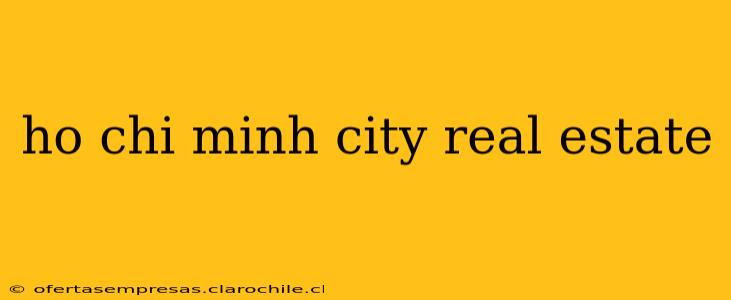 ho chi minh city real estate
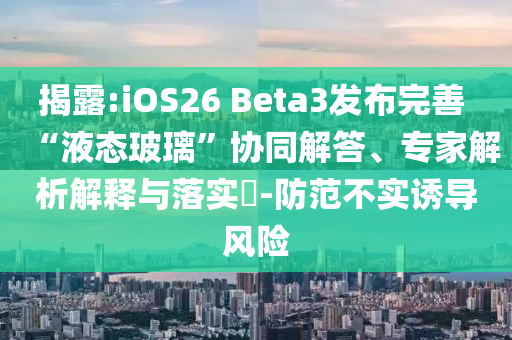 揭露:iOS26 Beta3發(fā)布完善 “液態(tài)玻璃”協(xié)同解答、專家解析解釋與落實?-防范不實誘導(dǎo)風(fēng)險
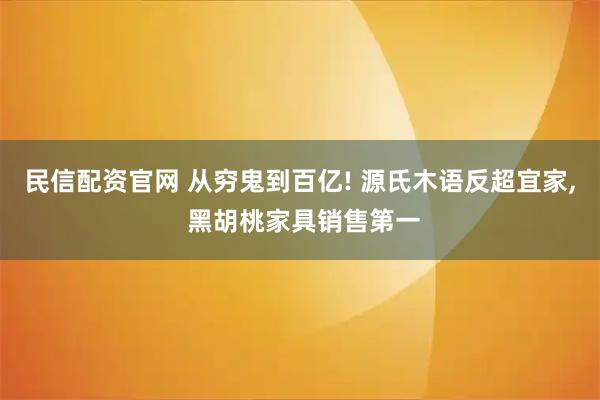 民信配资官网 从穷鬼到百亿! 源氏木语反超宜家, 黑胡桃家具销售第一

Exercise details →
Write out the data above exactly, minus any images.

Response →
 ho chi minh city real estate
 揭露:iOS26 Beta3發(fā)布完善 “液態(tài)玻璃”協(xié)同解答、專家解析解釋與落實?-防范不實誘導(dǎo)風(fēng)險
 民信配资官网 从穷鬼到百亿! 源氏木语反超宜家, 黑胡桃家具销售第一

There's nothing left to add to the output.